The interpretable embedding module just returns the given input (assuming the input is an embedding output), so this may not work with models that perform modifications to the embedding input prior to the embedding layer. More details can be found in the discussion to this issue #439.

RachitBansal commented 4 years ago

This is the model forward pass in my case.

So, I tried using two configuration for InterpretableEmbeddings, in one case I used it for all the 3 kinds, main embedding layer, positional embedding and the language embedding. The problem with this is that, as can be seen from the forward pass, the positional and language embeding layers take positional and language vectors as inputs, not the input (which would be the embedding in this case). The three embedding outputs are added after that, so the shapes don't match, giving an error.

The second configuration I used was just making the main embedding layer Interpretable, while the other two remain as they were. This returns the NoneType gradient. Which I can't seem to figure out why.

Can you once see the forward pass if you are able to observe anything from it?

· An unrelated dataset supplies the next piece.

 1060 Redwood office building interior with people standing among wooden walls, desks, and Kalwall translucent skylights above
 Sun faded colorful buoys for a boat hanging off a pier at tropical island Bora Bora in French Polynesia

vivekmig commented 4 years ago

Hi @RachitBansal , I looked into your code, it seems like the issue might be in the decoder, particularly in this line: tensor = tensor[-1, :, :].data.type_as(src_enc) # (bs, dim) Accessing the data directly no longer maintains the autograd dependency, which is likely causing the error. Removing the .data attribute and accessing the tensor directly should maintain the autograd compute graph appropriately. It seems like this method may be intended primarily for inference and not back-propagation, so alternatively, you may be able to use the same decoder method used in training (seems like it may use forward directly rather than the generate method) to fix the issue.

RachitBansal commented 4 years ago

You are absolutely right! It worked after changing the Decoder's inference step to scores = decoder('fwd', x=input_batch.cuda(), lengths=lengths2.cuda(), langs=langs2.cuda(), causal=True, src_enc=encoded, src_len=lengths.cuda(), find_emb=True, all_embs=all_embs).

Thanks a lot @vivekmig.